How to complete this task: Please copy the data exactly as it stands, minus the images.

Dataset content:
★ ★ ★ ★ ★ ★ ★
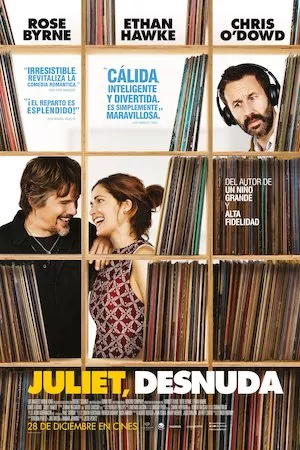 Poster Juliet, Naked (Amor de vinilo)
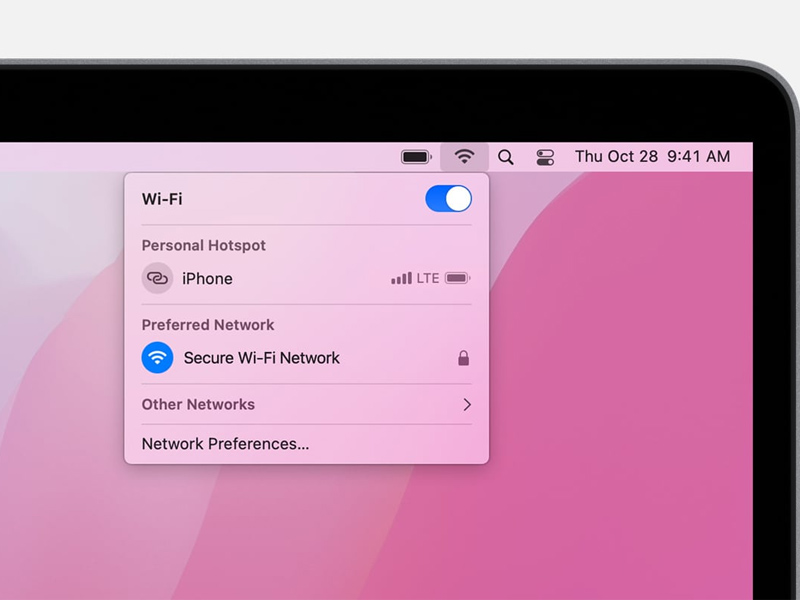  MacBook không kết nối được Wifi 1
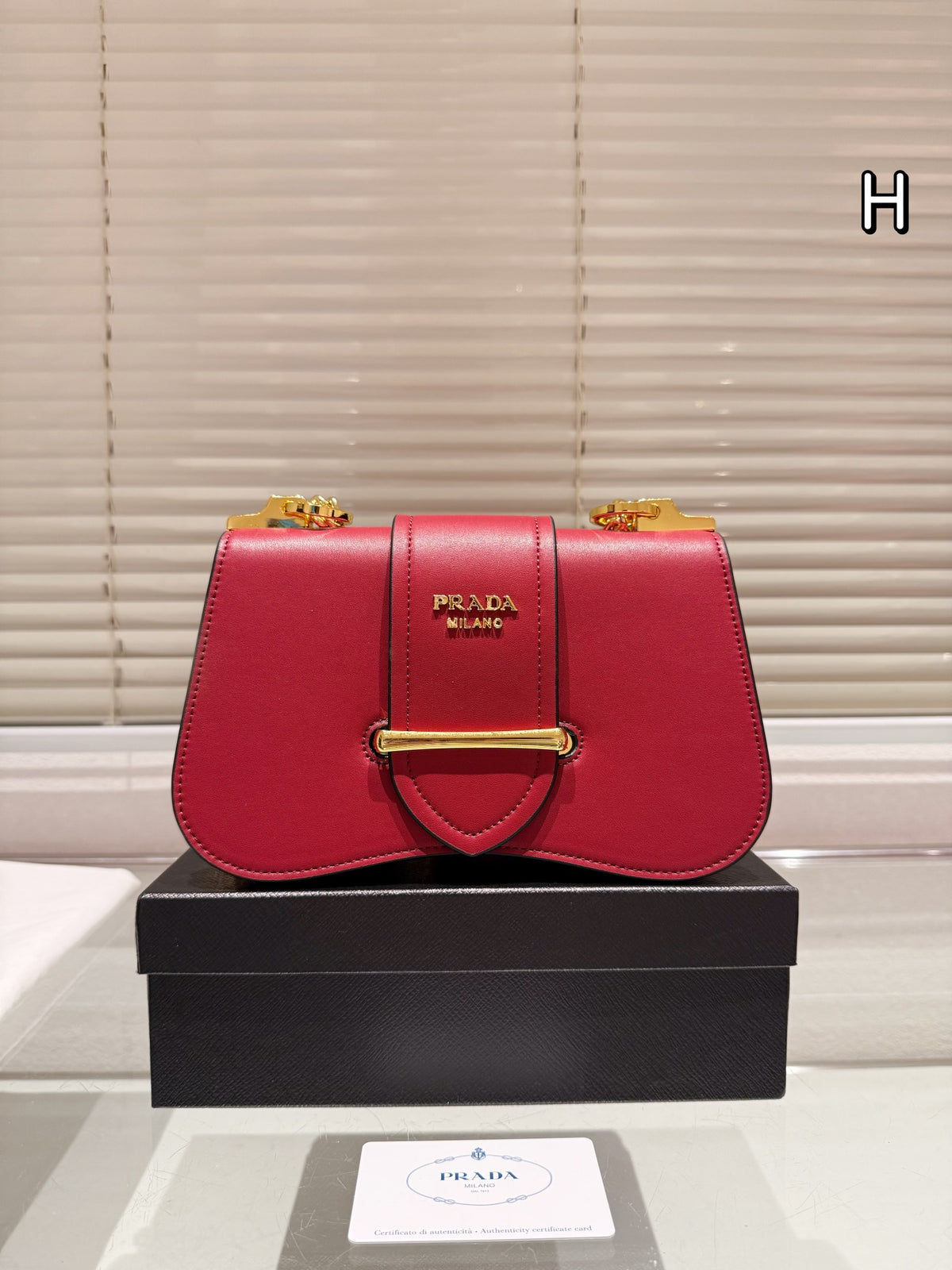 P Vintage Suede Leather Bag 0724120508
★ ★ ★ ★ ★ ★ ★
Exercise answer:
 Poster Juliet, Naked (Amor de vinilo)
  MacBook không kết nối được Wifi 1
 P Vintage Suede Leather Bag 0724120508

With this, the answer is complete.